Objectives: Previous studies have shown a very low but meaningful
survival rate in prehospital cardiac arrest with an initial rhythm of
asystole. There may be, however, an identifiable subgroup in which
resuscitation efforts are futile. This study identified potential
field criteria for predicting 100% non-survival when the presenting
rhythm is asystole in a BLS-D System. Methods: This prospective
cohort study was a component of Phases I and II of the Ontario
Prehospital Advanced Life Support (OPALS) Study, was conducted in 21
Ontario communities with BLS-D level of care, and included all adult
arrests of presumed cardiac etiology according to the Utstein Style.
Analyses included descriptive and appropriate univariate tests as
well as multivariate stepwise logistic regression to determine
predictors of survival to hospital admission. 

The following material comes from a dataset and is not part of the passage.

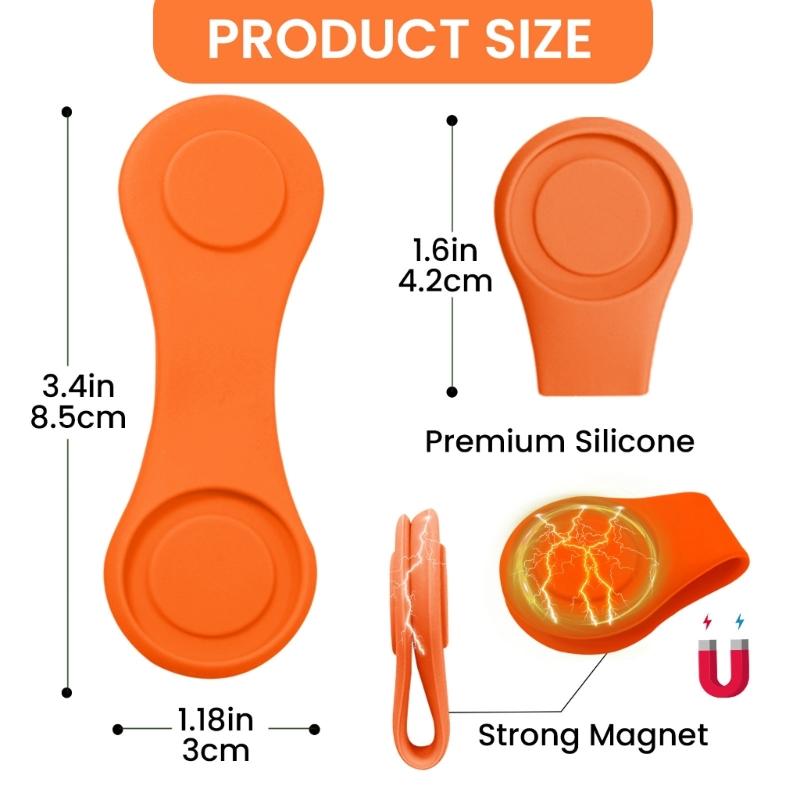 Golf Flexible Silicone Hat Clip Strong Magnetic Designs Ensures Secure Golf Marker Suitable for All Golf Hat Styles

Results: From 1991 to 1997, 9,899 consecutive cardiac arrest cases
were enrolled with these characteristics: male (67.2%), witnessed
(44.7%), bystander CPR (14.2%), defibrillation response interval
(DRI) < 8 minutes (82.0%), asystole (40.8%), PEA (21.2%), VF/VT
(38.0%), and overall survival (4.3%). Among the 3,888 asystole
patients, 9 (0.2%) survived to discharge and 4 of these were
unwitnessed arrests with no bystander CPR. There were, however, no
survivors if the DRI exceeded 8 minutes. Logistic regression
indicated that independent predictors of survival to admission and
their odds ratios (95% CI) were 'DRI in minutes' 0.87 (0.77-0.98) and
'bystander witnessed' 2.6 (1.5-4.4). 

Conclusions: In a BLS-D system, there is a very low but measurable
survival rate for prehospital aysstolic cardiac arrest. DRI > 8
minutes was associated with 100% non-survival whereas unwitnessed
arrests with no bystander CPR did not. These data add to the growing
literature which will help guide ethical decision making for protocol
development in EMS systems. Improved specificity in prehospital
termination guidelines could lead to more efficient resource
utilization and less exposure to occupational risk.